Some families take their textiles very seriously.

On a recent morning, Fabian Berglund, one of the co-founders of the Swedish rug and textile company Nordic Knots, carefully arranged a rack of miniature rugs so that each was angled at a perfect 45-degree angle. Liza Berglund Laserow — Mr. Berglund’s wife and another co-founder, along with Mr. Berglund’s brother, Felix — was adjusting curtain samples, explaining why the green she had chosen had a touch of yellow in it, which cast a golden hue. “A green light is very, very unflattering,” she said.

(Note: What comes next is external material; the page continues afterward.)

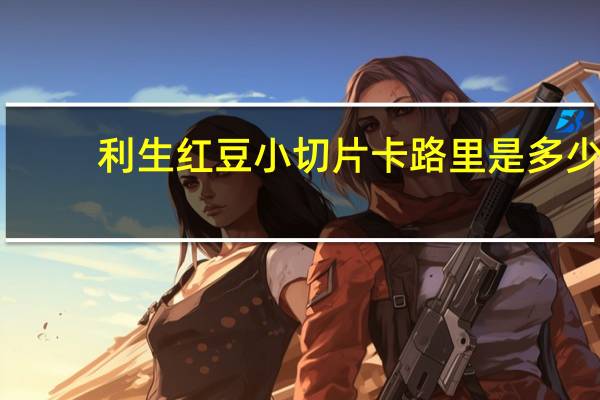 利生 红豆小切片卡路里是多少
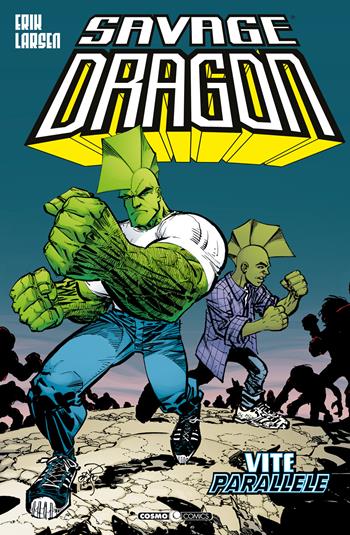 Savage Dragon. Vol. 19: Vite parallele - Erik Larsen - Libro Editoriale Cosmo 2022, Cosmo comics | Libraccio.it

Mr. Berglund, 42, said he prefers to think of a rug in a room as “the fourth wall.” Since starting Nordic Knots in 2016, the couple has built the brand quietly but with influence. This includes their first American store, opening this week in New York’s SoHo.

What is it about this relatively small rug company (Nordic Knots employs about 40 people) that has made it so beloved among a certain taste-making set? The British home ware designer Matilda Goad is a fan. So is the reality television star Scott Disick.

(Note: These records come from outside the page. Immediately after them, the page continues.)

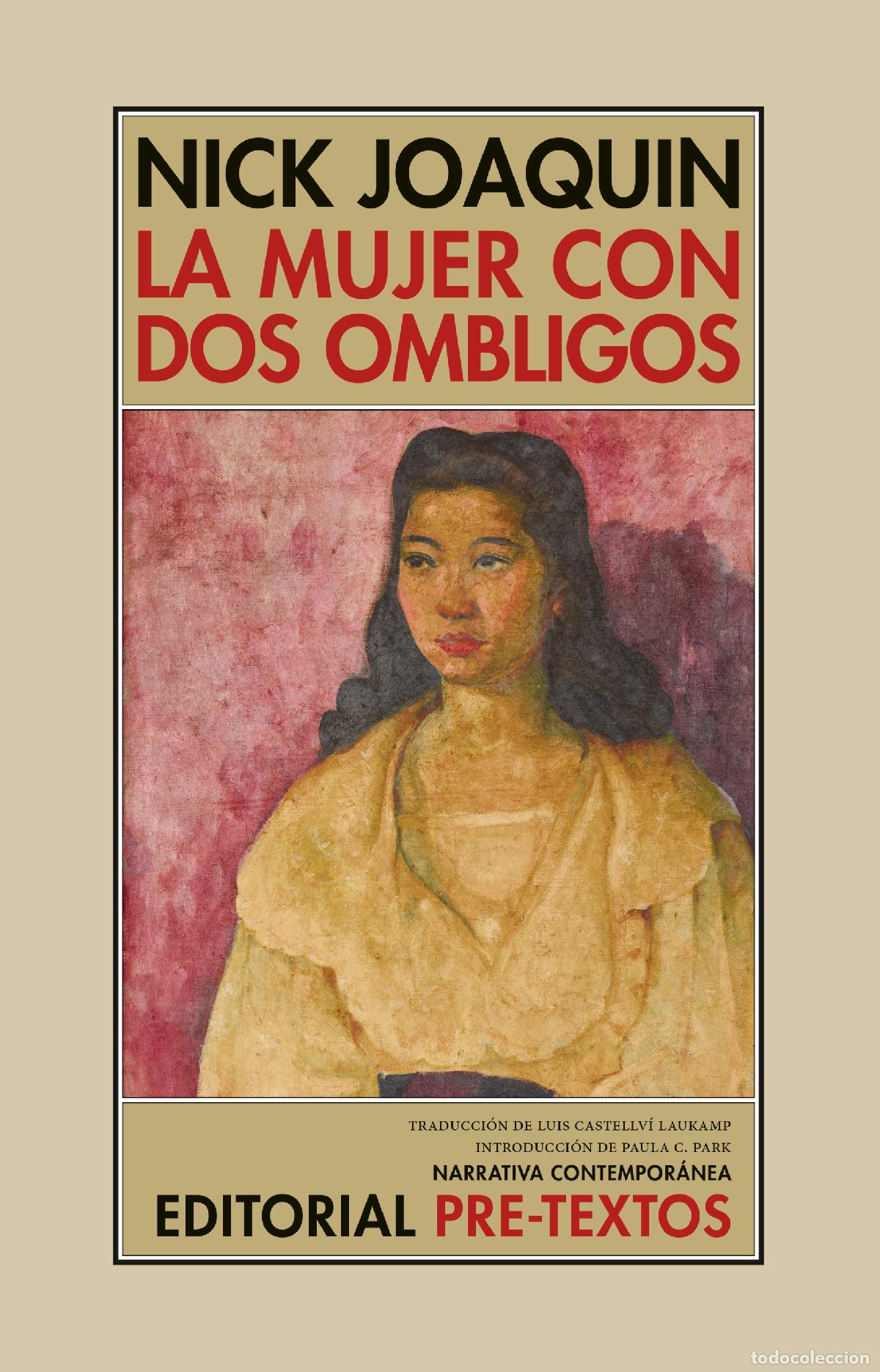 Livres: LA MUJER CON DOS OMBLIGOS - Joaqu&iacute;n, Nick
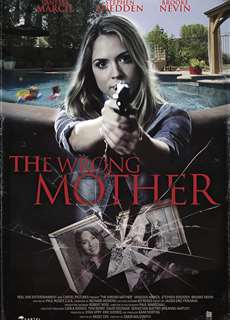 Người Mẹ Thật Sự - The Wrong Mother - (2017) - PhimMoi2024 - Website xem phim miễn phí tốt nhất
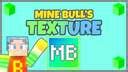 Mine Bull’s Texture Minecraft Texture Pack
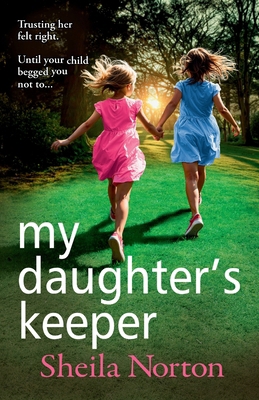 My Daughter's Keeper 1785136895 Book Cover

“We want to make design cool, but also accessible,” Mr. Berglund said.

“I think that concept is very Swedish,” added Ms. Berglund Laserow, 43. “We don’t have an elite view on design. We like to say we have a socialist way of looking at design, that it should be accessible to more people. Because that’s what IKEA did, right?”

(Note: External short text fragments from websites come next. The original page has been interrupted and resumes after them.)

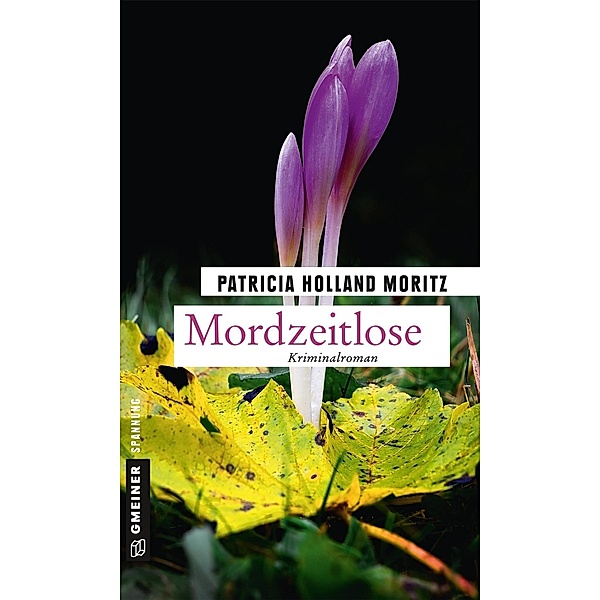 Mordzeitlose / Margrit Kunkel Bd.1, Patricia Holland Moritz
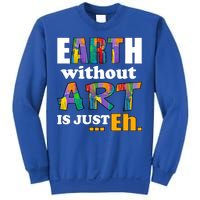 Earth Without Art Is Just Eh Sweatshirt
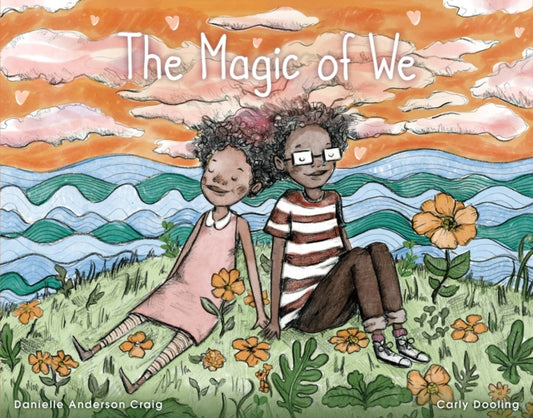Book cover of: Magic of We. By: Danielle Anderson-Craig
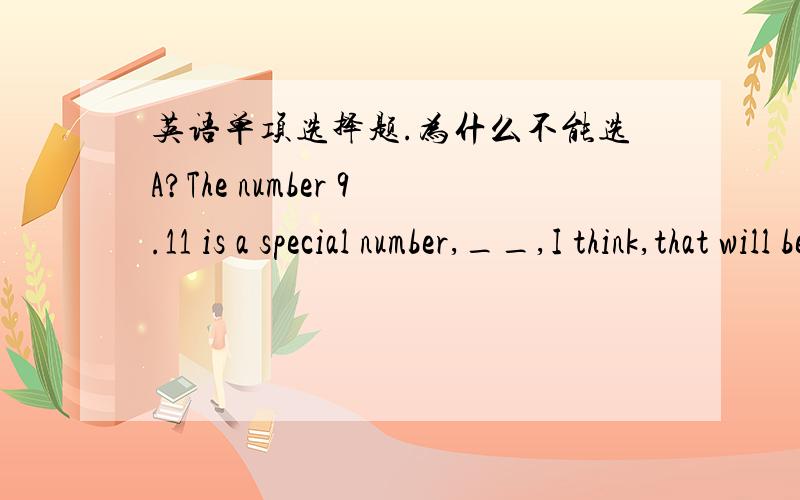 英语单项选择题.为什么不能选A?The number 9.11 is a special number,__,I think,that will be remembered by the Americans forever.A.what B it C which D.one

Of course, the price point for Nordic Knots — rugs in their Grand collection, for example, range from $495 to $3,195 — is much higher than IKEA’s. But the brand was born out of the couple’s own frustrations in trying to find floor coverings that were of a certain quality but not outrageously expensive. When they started the company in 2016, the market offered only very cheap or very high-end options.

Previously, Mr. Berglund worked in advertising as a creative director at Anomaly and Wieden+Kennedy, while Ms. Berglund Laserow worked with her mother, the furniture dealer and interior designer Karin Laserow, who is an expert in Swedish antiques from 1500 to 1850. Their professional backgrounds may help to explain the brand’s savvy strategy.